#### EXERCISE DESCRIPTION:
Count how many lines below contain the word "Piece", then give that number alone.
=-=-=-=-=
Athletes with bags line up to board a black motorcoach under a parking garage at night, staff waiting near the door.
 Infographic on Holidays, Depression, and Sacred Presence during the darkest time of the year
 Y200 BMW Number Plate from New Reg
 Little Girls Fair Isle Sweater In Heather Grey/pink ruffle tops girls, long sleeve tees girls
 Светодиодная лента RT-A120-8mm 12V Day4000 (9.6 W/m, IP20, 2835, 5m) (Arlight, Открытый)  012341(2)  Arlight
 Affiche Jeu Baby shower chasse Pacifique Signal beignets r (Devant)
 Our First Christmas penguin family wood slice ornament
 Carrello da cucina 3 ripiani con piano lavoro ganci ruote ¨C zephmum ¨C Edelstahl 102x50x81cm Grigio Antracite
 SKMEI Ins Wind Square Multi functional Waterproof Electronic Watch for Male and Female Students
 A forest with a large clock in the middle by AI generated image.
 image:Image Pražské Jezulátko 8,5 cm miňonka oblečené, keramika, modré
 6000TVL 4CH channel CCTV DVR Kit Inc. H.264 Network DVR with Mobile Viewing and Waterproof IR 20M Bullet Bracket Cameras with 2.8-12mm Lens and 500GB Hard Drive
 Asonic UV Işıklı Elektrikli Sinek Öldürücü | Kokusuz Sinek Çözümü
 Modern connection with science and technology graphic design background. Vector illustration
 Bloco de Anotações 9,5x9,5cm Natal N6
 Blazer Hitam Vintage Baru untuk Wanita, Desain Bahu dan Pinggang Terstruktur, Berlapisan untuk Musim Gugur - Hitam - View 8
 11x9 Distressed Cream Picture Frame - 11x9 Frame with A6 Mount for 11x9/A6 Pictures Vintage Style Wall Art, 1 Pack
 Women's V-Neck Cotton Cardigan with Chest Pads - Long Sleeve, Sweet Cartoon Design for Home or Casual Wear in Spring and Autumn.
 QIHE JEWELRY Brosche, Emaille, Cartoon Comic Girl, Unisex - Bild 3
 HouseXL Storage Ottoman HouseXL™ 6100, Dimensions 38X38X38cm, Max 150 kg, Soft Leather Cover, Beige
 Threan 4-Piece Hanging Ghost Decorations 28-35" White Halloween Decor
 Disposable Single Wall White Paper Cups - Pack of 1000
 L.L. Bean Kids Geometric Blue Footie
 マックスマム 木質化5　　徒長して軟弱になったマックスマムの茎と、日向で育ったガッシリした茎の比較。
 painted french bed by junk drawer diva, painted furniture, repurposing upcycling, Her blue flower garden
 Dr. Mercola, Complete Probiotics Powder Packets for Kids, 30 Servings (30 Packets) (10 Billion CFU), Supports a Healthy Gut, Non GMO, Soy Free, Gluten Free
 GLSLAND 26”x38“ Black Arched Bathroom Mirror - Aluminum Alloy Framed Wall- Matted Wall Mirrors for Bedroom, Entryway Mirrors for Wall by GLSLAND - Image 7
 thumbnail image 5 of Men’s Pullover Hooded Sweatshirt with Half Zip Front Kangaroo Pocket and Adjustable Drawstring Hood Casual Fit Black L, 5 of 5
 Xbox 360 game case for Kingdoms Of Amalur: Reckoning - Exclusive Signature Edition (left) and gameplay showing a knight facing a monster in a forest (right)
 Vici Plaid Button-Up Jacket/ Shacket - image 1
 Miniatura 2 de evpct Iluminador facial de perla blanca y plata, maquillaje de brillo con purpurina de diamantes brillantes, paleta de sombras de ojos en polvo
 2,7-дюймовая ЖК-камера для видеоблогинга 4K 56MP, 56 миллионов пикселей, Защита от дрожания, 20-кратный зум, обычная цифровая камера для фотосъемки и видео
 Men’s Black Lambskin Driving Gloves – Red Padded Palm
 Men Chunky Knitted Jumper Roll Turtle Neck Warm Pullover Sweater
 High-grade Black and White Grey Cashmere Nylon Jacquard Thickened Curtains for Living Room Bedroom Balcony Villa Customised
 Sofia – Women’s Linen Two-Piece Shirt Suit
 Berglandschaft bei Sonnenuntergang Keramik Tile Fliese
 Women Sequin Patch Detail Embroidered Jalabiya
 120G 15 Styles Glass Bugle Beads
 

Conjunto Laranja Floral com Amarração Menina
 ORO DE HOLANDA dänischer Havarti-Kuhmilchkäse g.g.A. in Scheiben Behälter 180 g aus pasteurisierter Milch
=-=-=-=-=
#### SOLUTION TO THIS TASK:
2